#### TASK OBJECTIVE:
First find the line with "1969 Chevrolet Chevelle" in the entries below, then set down exactly every line through the line with "Шабер Dremel для Multi-Max (600)", that line included.

#### DATA FOR ANALYSIS:
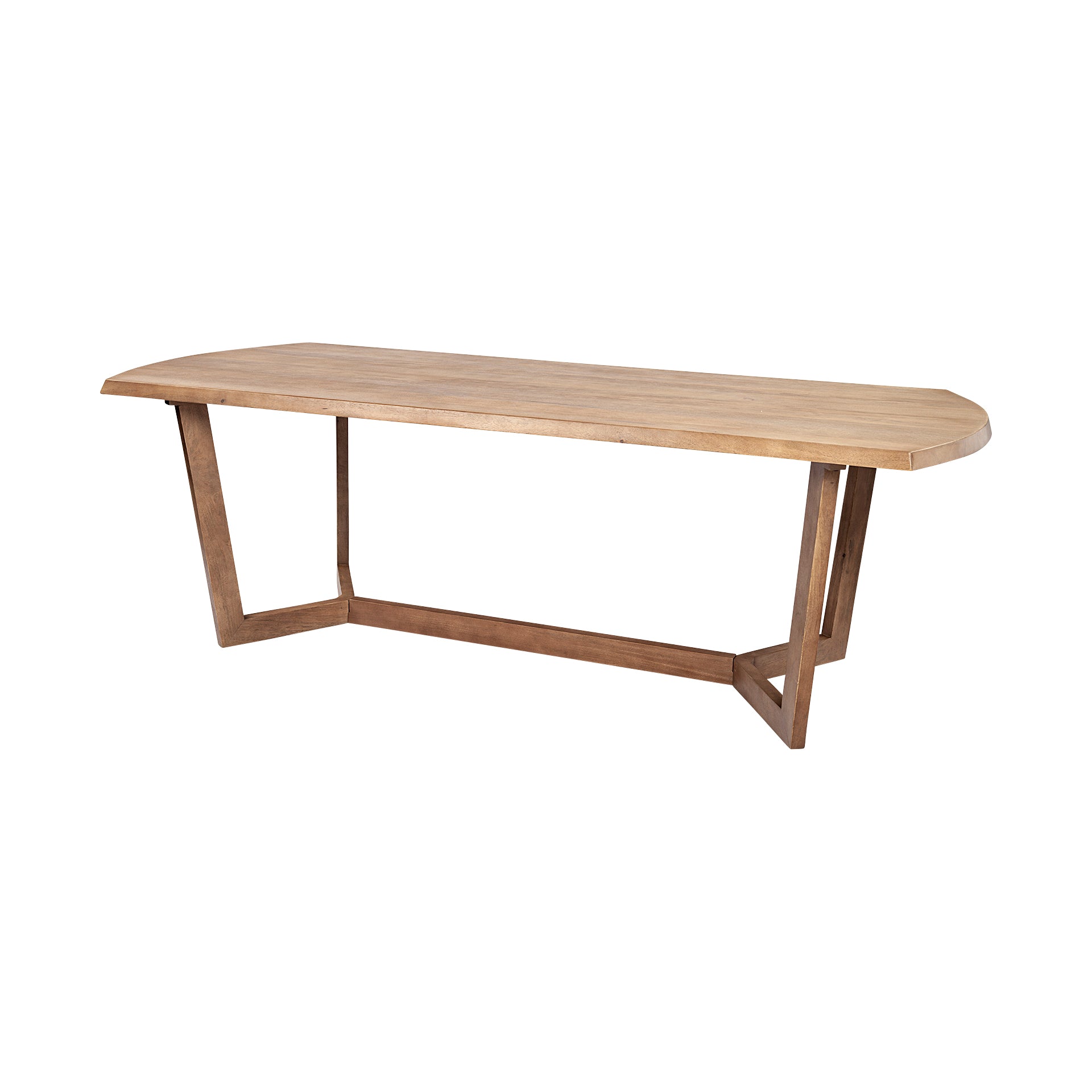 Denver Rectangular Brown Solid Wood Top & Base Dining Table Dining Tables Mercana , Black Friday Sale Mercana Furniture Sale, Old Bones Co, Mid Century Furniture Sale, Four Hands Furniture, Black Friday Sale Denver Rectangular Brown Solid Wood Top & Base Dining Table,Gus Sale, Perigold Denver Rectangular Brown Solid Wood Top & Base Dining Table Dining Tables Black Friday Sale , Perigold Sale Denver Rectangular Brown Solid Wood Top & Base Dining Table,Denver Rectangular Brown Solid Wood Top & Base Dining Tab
---
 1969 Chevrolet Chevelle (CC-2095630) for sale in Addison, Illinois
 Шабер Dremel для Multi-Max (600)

#### THE COMPLETED TASK:
 1969 Chevrolet Chevelle (CC-2095630) for sale in Addison, Illinois
 Шабер Dremel для Multi-Max (600)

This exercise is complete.